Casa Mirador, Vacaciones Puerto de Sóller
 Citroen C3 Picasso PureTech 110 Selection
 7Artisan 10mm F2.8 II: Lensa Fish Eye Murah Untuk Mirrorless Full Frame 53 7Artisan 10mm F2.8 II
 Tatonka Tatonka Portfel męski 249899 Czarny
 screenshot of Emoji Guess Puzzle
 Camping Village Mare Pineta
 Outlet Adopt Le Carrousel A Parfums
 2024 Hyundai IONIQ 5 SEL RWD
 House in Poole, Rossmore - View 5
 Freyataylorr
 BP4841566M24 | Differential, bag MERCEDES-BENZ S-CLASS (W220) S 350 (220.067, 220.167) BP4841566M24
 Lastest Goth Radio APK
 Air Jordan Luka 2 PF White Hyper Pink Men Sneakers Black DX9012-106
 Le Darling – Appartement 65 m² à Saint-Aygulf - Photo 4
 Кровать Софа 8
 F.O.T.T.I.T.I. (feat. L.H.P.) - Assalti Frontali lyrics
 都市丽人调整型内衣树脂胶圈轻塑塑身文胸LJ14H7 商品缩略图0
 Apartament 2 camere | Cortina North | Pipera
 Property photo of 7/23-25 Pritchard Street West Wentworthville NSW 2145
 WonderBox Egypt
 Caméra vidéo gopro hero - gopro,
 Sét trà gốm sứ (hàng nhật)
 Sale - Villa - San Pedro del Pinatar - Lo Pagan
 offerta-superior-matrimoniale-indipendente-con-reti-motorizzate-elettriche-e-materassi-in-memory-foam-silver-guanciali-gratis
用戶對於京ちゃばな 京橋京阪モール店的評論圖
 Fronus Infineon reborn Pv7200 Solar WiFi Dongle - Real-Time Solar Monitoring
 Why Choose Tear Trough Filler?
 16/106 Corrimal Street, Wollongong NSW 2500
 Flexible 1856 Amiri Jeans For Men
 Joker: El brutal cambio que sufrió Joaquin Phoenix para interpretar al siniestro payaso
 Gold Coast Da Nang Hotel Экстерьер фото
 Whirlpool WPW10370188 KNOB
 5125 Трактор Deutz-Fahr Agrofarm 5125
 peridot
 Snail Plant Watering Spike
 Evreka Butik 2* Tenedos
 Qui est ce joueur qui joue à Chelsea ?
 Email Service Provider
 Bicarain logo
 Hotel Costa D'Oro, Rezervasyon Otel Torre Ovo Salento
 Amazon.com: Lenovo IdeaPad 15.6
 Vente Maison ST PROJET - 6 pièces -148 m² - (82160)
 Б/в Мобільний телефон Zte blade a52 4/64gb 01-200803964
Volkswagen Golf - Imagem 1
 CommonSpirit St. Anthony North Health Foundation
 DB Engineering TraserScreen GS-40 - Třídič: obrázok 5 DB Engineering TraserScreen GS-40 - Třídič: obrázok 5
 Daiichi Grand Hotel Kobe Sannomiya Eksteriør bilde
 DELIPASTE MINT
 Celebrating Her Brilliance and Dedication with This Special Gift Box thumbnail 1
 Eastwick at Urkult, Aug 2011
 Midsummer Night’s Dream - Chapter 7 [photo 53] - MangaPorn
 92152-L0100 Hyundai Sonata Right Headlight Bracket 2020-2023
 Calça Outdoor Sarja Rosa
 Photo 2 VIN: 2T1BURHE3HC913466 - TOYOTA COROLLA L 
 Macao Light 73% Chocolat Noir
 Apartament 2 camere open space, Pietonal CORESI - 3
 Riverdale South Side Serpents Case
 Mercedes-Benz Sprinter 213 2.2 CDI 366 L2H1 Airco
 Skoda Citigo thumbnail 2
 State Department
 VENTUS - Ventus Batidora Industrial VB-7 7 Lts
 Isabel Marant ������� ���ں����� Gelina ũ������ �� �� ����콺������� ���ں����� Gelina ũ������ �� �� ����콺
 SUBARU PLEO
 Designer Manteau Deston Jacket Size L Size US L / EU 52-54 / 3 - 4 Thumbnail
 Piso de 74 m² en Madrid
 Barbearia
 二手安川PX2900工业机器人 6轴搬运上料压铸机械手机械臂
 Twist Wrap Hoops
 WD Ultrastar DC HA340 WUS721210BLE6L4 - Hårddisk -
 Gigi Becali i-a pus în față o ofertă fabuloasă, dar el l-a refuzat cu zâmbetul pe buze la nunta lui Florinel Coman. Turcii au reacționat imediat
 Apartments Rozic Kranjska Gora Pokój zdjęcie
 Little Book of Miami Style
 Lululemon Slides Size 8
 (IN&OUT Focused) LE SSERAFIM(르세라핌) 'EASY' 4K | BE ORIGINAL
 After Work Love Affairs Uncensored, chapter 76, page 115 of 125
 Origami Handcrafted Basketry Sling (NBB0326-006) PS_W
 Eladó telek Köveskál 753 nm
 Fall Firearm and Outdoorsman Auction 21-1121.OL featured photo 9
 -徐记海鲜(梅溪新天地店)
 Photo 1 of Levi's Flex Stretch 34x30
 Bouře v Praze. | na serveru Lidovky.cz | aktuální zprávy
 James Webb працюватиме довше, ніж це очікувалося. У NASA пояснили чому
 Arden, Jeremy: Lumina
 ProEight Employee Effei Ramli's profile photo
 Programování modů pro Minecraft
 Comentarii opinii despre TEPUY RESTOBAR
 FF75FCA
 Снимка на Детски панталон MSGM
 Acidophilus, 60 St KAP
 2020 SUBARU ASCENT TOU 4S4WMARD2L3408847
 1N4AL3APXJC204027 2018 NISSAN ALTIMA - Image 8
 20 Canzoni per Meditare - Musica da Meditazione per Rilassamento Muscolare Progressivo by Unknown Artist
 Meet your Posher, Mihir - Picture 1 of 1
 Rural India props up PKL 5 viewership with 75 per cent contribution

### Your instructions
Which lines above contain the word "Hotel"? Copy all of them.

### Solution to this task
 Gold Coast Da Nang Hotel Экстерьер фото
 Hotel Costa D'Oro, Rezervasyon Otel Torre Ovo Salento
 Daiichi Grand Hotel Kobe Sannomiya Eksteriør bilde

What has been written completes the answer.